Structural Equation Modeling Results - Advanced Tab

Select the Advanced tab of the Structural Equation Modeling Results dialog box to access the options described here.  

Model summary. Click the Model summary button to open the model summary spreadsheet, which presents model output in a spreadsheet form convenient for analysis. A variety of information is given for each path in the model. For a description of the spreadsheet, see Model Summary Spreadsheet.

Basic summary statistics. Click the Basic summary statistics button to produce a spreadsheet containing some of the basic summary statistics also presented in the Summary box. See Statistics in the Structural Equation Modeling Results Summary Box for more details on the information available there.

Iteration history. Click the Iteration history button to create a spreadsheet with iteration results. During iteration, STATISTICA saves the output that is displayed in the Iteration Window for the last executed sequence of iterations. By opening this spreadsheet, you can review these results. You can also save them to a data file or analyze them graphically. The statistics in this spreadsheet are described in Iteration Results.

Goodness-of-Fit Indices. Use the options under Goodness-of-Fit Indices to generate several of the best-known and most useful indices of fit for evaluating structural equation models. There are, literally, dozens of such indices, and we present only those which we think are very widely used, especially valuable, or both.

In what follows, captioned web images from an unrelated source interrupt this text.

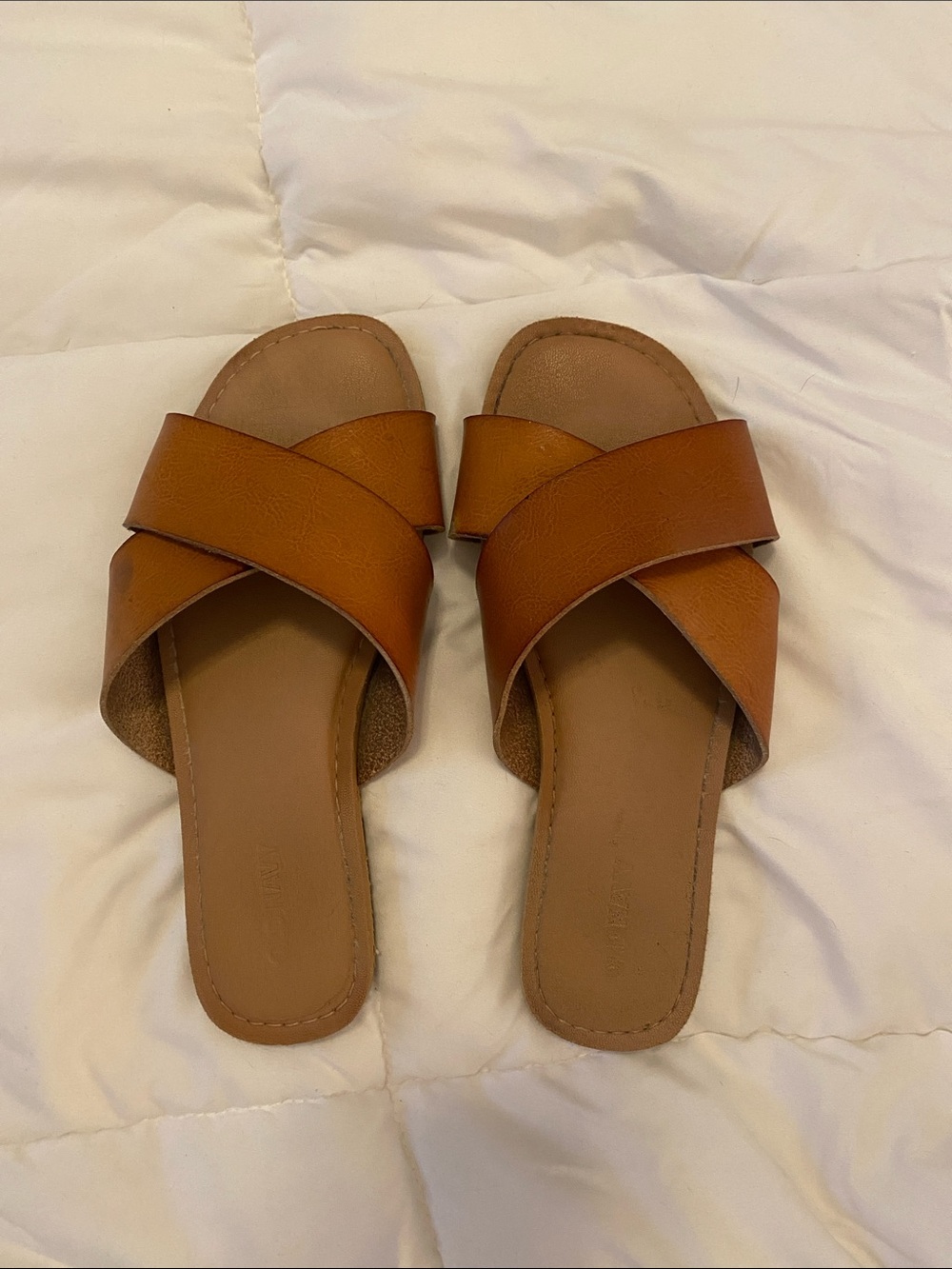 Old Navy Cognac Crisscross Slide Sandals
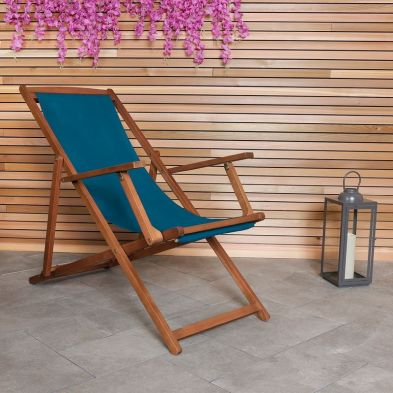Wensum Eucalyptus Hardwood Foldable Deck Chair - Teal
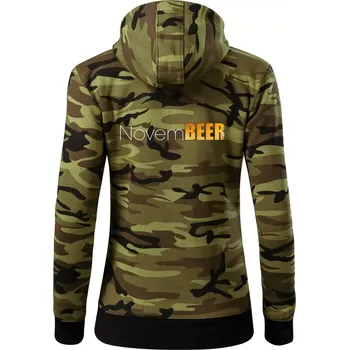 Dámská mikina Pivní měsíce - novemBEER - Dámská mikina trendy zipper s kapucí - XS ( Zelený maskáč )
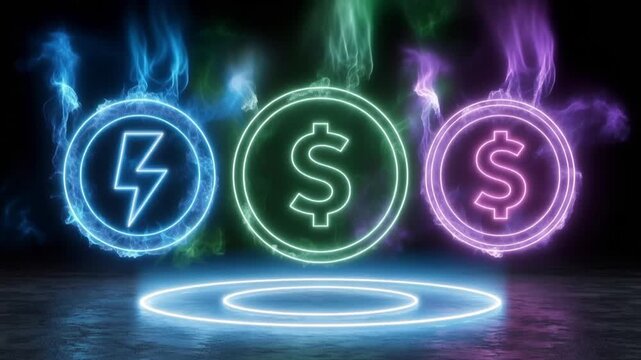Three glowing neon coins with symbols for electricity, dollar. ..Created with Generative AI, not depicting real subjects.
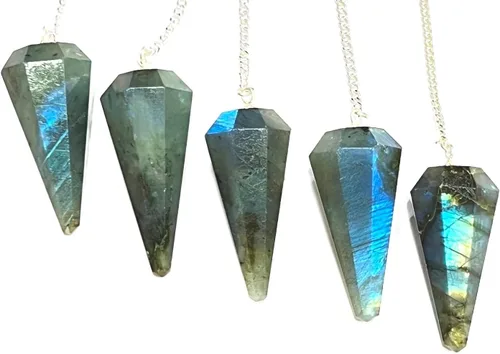Vista 9 de GEMSCITE Lote de 5 piezas de péndulos de piedras preciosas de amatista a la moda, potente meditación psíquica, regalo de éxito psíquico, FengShui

Noncentrality-based indices. Click the Noncentrality-based indices button to produce a spreadsheet with the non-centrality parameter and four goodness-of-fit indices. These indices are all based on the idea, first proposed by Steiger and Lind (1980), of basing goodness-of-fit assessment on an estimation of the population noncentrality parameter.  Instead of testing the hypothesis that the fit is perfect, we ask the questions (a) "How bad is the fit of our model to our statistical population?" and (b) "How accurately have we determined population badness-of-fit from our sample data." The indices presented here allow us to assess both questions, because they allow confidence interval assessment as well as the more traditional point estimates. As a result, they reward high sample size, and high power, with a narrower confidence interval expressing high precision of estimate. For more details, see the Noncentrality-Based, Goodness-of-Fit Indices spreadsheet.

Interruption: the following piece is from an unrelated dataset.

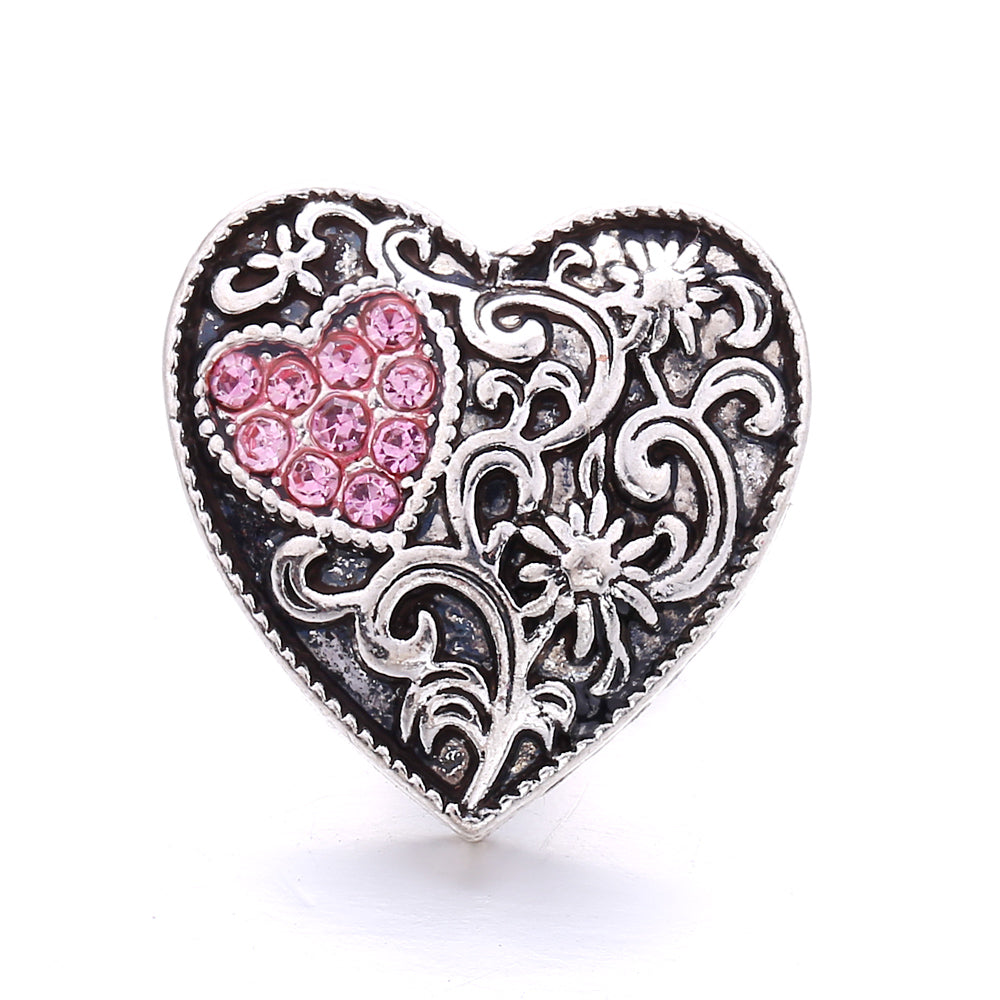 Pink Rhinestone 18mm Snap Charms | Sparkling Interchangeable Jewelry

Other single sample indices. Click the Other single sample indices button to create a spreadsheet with a sampling of some of the better known single sample indices of fit, and some related measures. For more details see the Single Sample, Goodness-of-Fit Indices spreadsheet.

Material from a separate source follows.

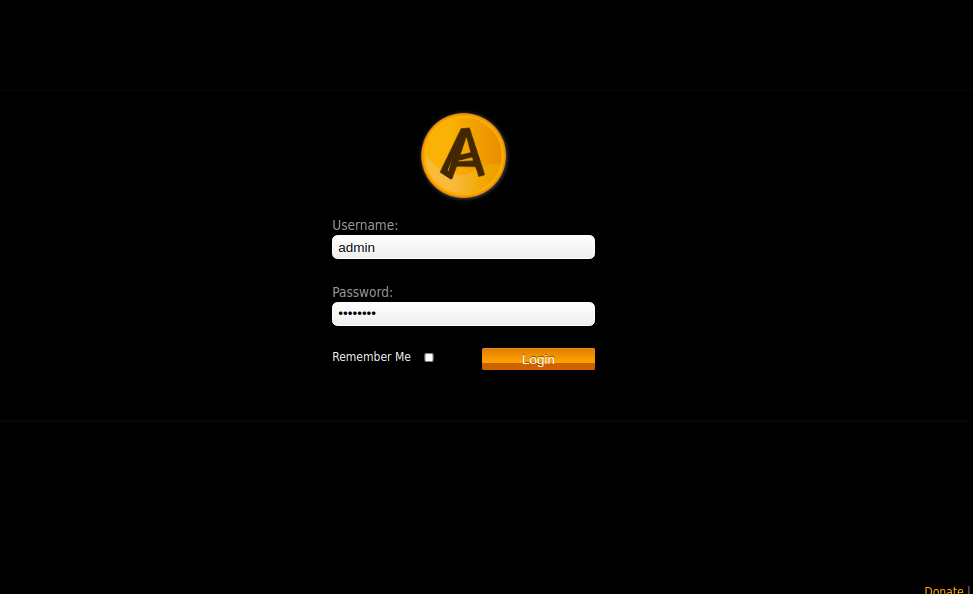 Ampache Login Page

Lagrange multiplier statistics. Click the Lagrange multiplier statistics button to produce a spreadsheet with Lagrange Multiplier statistics for each constraint required by the fitting procedure. In the Correlation option of Data to Analyze (see Analysis Parameters), each endogenous manifest variable has a dummy latent variable attached to it, with its variance constrained to one. If the New standardization method is employed, each endogenous latent variable has its variance constrained to one, and STATISTICA gives a Lagrange multiplier statistic for each variable.  

The Lagrange Multiplier statistics should be zero, if the constraints serve (as they are meant to) solely as identification constraints. If any are non-zero, or significantly exceed the standard error, then the model has probably been miss-specified, or estimation did not converge properly.